I dubbi sollevati sono stati alimentati anche dalle affermazioni contenute nella citata sentenza del tribunale di Modena, secondo la quale la procedura fallimentare è giuridicamente incompatibile con quella di concordato, per cui dalla dichiarazione di fallimento deriva la chiusura del (la fase esecutiva del) concordato preventivo, seppure non eseguito... (Evidentemente il collegio modenese intendeva la chiusura della fase esecutiva concordato preventivo, visto che l'art. 181 l. fall. stabilisce che "la procedura di concordato preventivo si chiude con il decreto di omologazione". Ciò significa che, una volta pronunciata l'omologazione, non può più parlarsi di pendenza della procedura di concordato preventivo: così Cass. Civ. n. 2695/2016, richiamata dalla sentenza del Tr. di Napoli Nord).

A maggior ragione.

Siamo sicuri che l'obbligatorietà del concordato omologato per tutti i creditori anteriori non valga soltanto ai fini della (e fino alla) istruttoria prefallimentare ?

E soprattutto.

All'interno del nuovo scenario fallimentare, siamo certi che il curatore sia per forza vincolato dall'accordo transattivo tra debitore e creditori (da questi ultimi non risolto) ... e non possa decidere se subentrarvi o sciogliersi, dopo aver effettuato una valutazione di convenienza per la “nuova massa dei creditori” ?

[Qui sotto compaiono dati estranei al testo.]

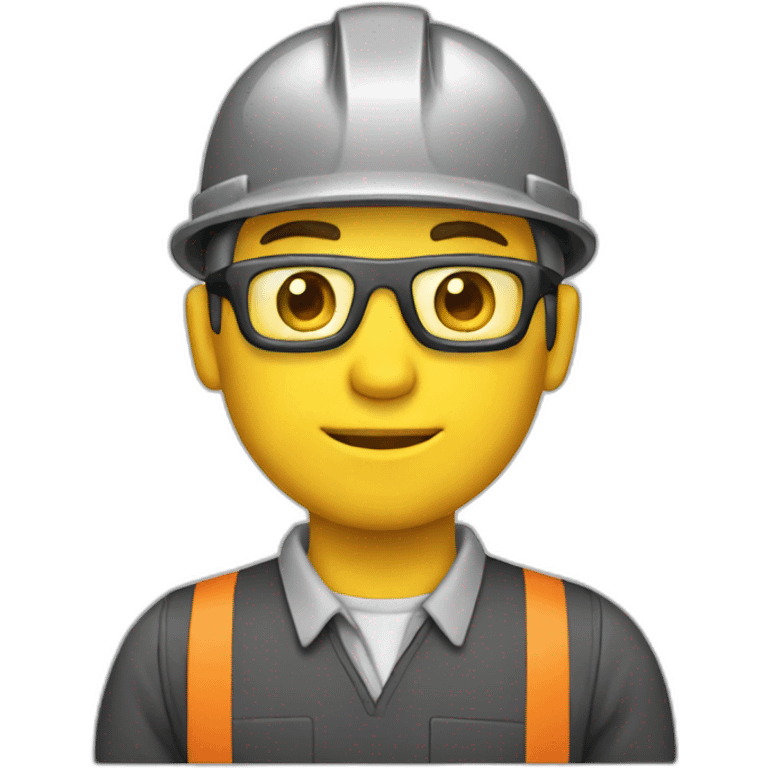 Engineer emoji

Valutazione di convenienza che diverrebbe ancora più interessante se il curatore potesse, poi, beneficiare anche degli effetti della consecuzione delle procedure; quali - per esempio - la retrodatazione dei termini per agire in revocatoria, al fine di riacquisire al patrimonio del debitore fallito quei beni che ne sono usciti in pregiudizio della massa dei creditori.

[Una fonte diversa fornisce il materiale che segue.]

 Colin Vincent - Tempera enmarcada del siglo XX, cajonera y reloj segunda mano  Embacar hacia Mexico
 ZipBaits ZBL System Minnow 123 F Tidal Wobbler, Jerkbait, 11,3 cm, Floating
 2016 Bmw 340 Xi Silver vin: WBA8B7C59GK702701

Oggi molti creditori (unici legittimati ex art. 186 l. fall.) non agiscono per la risoluzione perché preferiscono lo “stallo” di un concordato ineseguito rispetto ad una dichiarazione di fallimento "in consecuzione". Dichiarazione di fallimento in consecuzione che - retroagendo alla data di pubblicazione nel registro delle imprese del ricorso di cui all'art. 161 l. fall. - li espone al rischio di revocatoria, e quindi (non solo di non incassare nella percentuale concordataria, ma) di restituire somme eventualmente percepite in violazione delle regole della par condicio creditorum.

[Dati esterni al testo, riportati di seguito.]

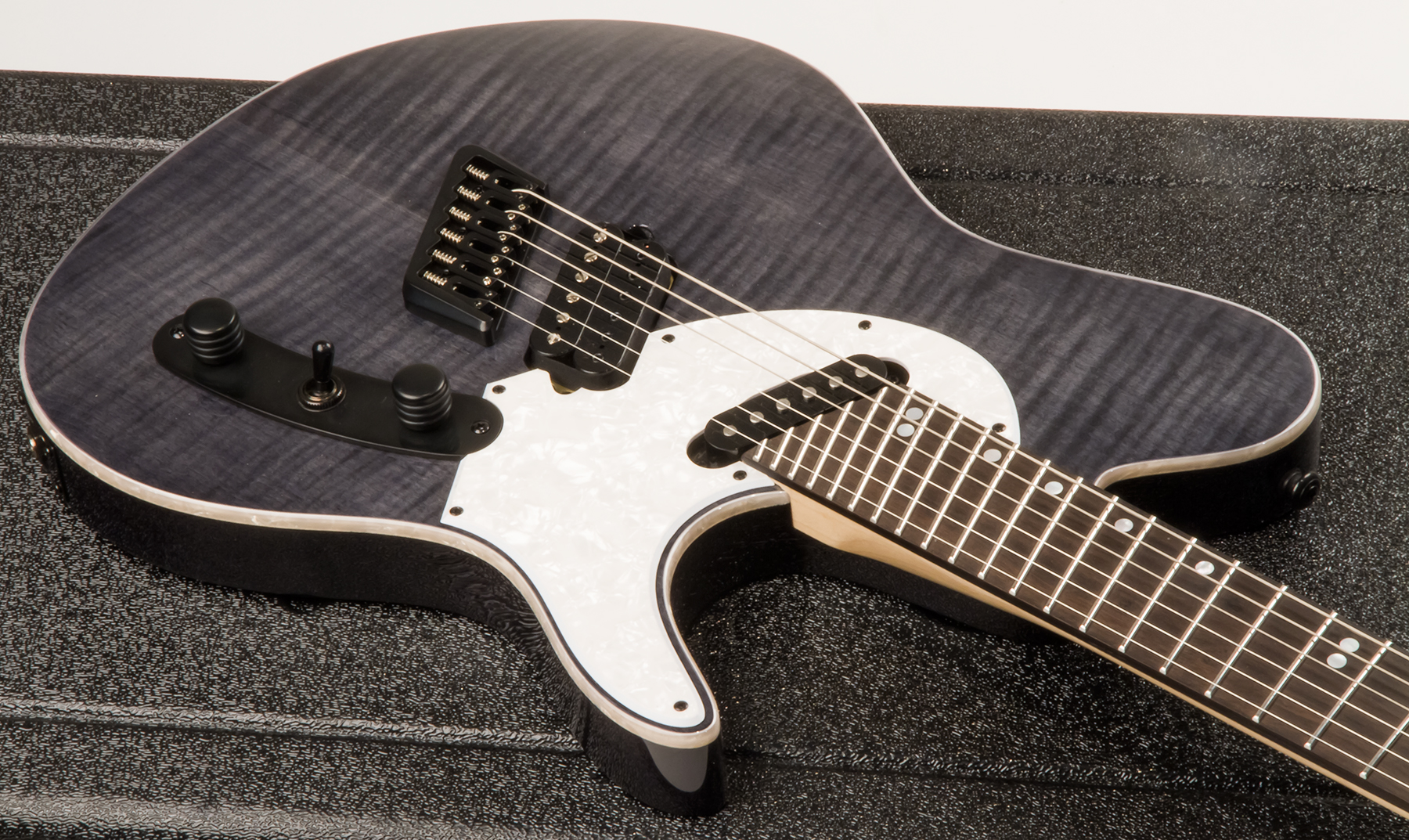 Ormsby TX GTR 6 - eaton Multi-scale guitar blue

Riflettendoci: non mi pare completamente insensato ipotizzare che, una volta dichiarato il “fallimento senza risoluzione”, possa lasciarsi al curatore la decisione di subentrare o sciogliersi dal patto concordatario non risolto, con tutte le conseguenze che deriverebbero dall'una o dall'altra scelta (ancora, a me, non del tutto chiare).

Sono consapevole che le possibili soluzioni agli interrogativi sollevati rischiano di essere influenzate più dalla necessità di “soluzioni pratiche” che da una consolidata interpretazione ed applicazione dell'attuale diritto fallimentare.

Ma, allo stesso tempo, non sembrano né eccessivamente anarchiche né per forza incompatibili con quanto affermato nella sentenza della Corte Costituzionale del 2004, alla quale pure sono seguite riforme e nuove elaborazioni dottrinarie e giurisprudenziali degli istituti in commento.